If you go on to page 943 we see the letter attached to that, which was a letter to Professor Dudley Dumonde, who is the Professor of Immunology at St Thomas’s Hospital.
“Dear Dudley
Re: Transfer Factor
You doubtless will have heard about the controversial findings Wakefield et al have reported concerning the possible role of measles in children with autism. A study is proposed to give a group of such children who have evidence of measles antigen in tissue, positive measles serology and PCR positivity in circulating lymphocytes, dialyzable lymphocyte extract – transfer factor. These will be patients under my care and I will be responsible for safety aspects.
As I have known you so long and always valued your advice, I would [very] much appreciate your confidential opinion of the safety of this extract as will be supplied to us by Dr Charles Kirkpatrick, Professor of Medicine & Immunology, University of Colorado, USA.
I have discussed this matter confidentially with our Dean ….. and we both would value very much your advice, which I could pass on in confidence to Dr Michael Pegg, Chairman of our Ethical Committee if you were willing for me to do that. Or else you could give me your own opinion in confidence.
I would be happy to discuss this with you if appropriate on the telephone.”
Now, in fact the response from Professor Dumonde is not available. In September 1998, Dr Pegg, Chairman, wrote enquiring what was happening with the Transfer Factor file, and if you go on in bundle 3 to page 960 you will see Professor Walker-Smith’s answer to that query to Dr Pegg, a letter of 23 September 98:
“I apologise for not replying before but there has been some time involved in determining details of European Safety standards requirements. We have no doubt that the transfer factor produced is safe but Dr Andy Wakefield will be flying shortly to Denver, Colorado to see the manufacturers to ensure that all the details of the European Safety Standards are met. It will not thus be possible for us to have the information ready for the October Ethical Committee Meeting but [it] will be for the following. I hope this is satisfactory.”
Then if you go on to 961 you will see Professor Walker-Smith writing, on the next page:
“I now have the safety details concerning the European Standards and Regulations on Drug Safety. I enclose the relevant correspondence”.
Attached to that, I am not going to go through it at length, although we will at a later stage, there is a long letter from Dr Kirkpatrick which starts on page 963, setting out his views on safety and the trials that have been done in relation to the safety of the substance.
Now, you will understand what the significance of this rather long, I am sorry, introduction is to what I have told you about Child 10, which is quite simply that he was given this substance prior to all those requirements as to safety being carried out, and prior to the Ethics Committee approval application.

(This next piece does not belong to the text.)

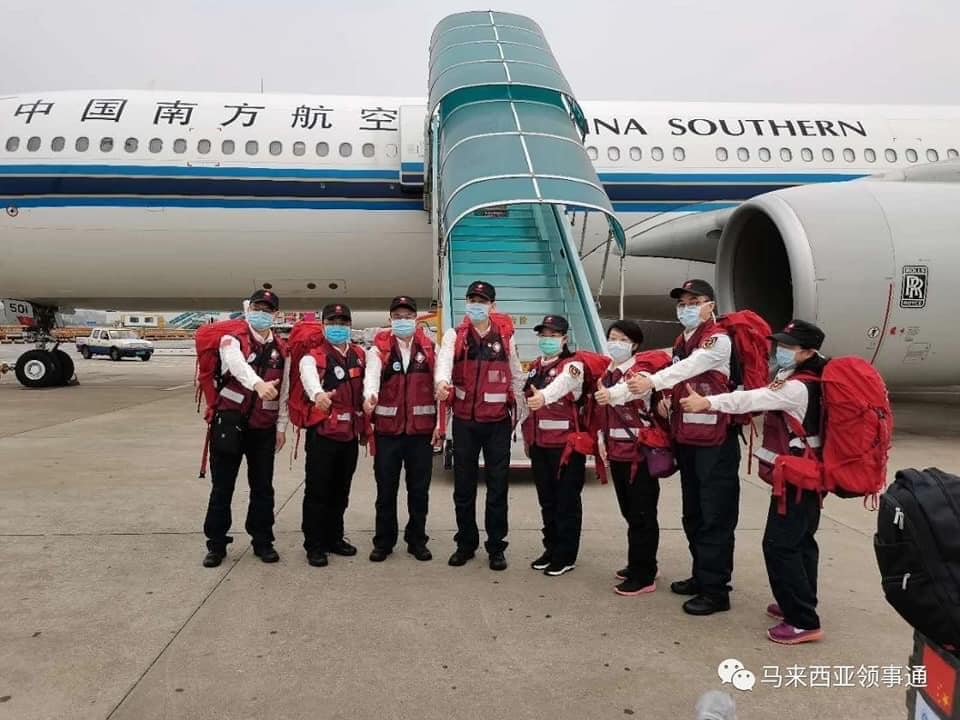 专家们一同比起手势,矢言将尽全力协助大马的抗疫工作。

If it is suggested, as it appears to be, in the ethics application, that the giving of this substance to Child 10 on a one off basis was done for compassionate reasons, then we say, on the basis of the expert evidence from Professors Rutter and Booth, that there was no such justification. There was nothing, they say, either behaviourally or gastrointestinally, that made Child 10 exceptional vis a vis the other children who were written up in The Lancet paper, and in those circumstances it is our case that this child was given Transfer Factor prior to checking its safety as part of what in the circumstances amounted to an irresponsible experiment. The safety position had not been checked. Whether it was in fact safe is of course immaterial. In any event, we do not know the precise nature of the preparation that was given to that child, and whether it differed from that ultimately to be obtained from Dr Kirkpatrick in Colorado as was envisaged for the trial. There is no record, except in the details that I have shown to you, in the child’s medical records of the fact of it being given, or why, or the dose. Still less is there any record of any discussion with Child 10’s parents as to risk and benefit. Child 10’s GP, from whom you will be hearing, was never notified, and he will be giving evidence that he had no knowledge that this substance was being given and would have expected to be told, and you may think that that is only common sense if only so that he knows if he is giving any other drug that he has to consider that matter.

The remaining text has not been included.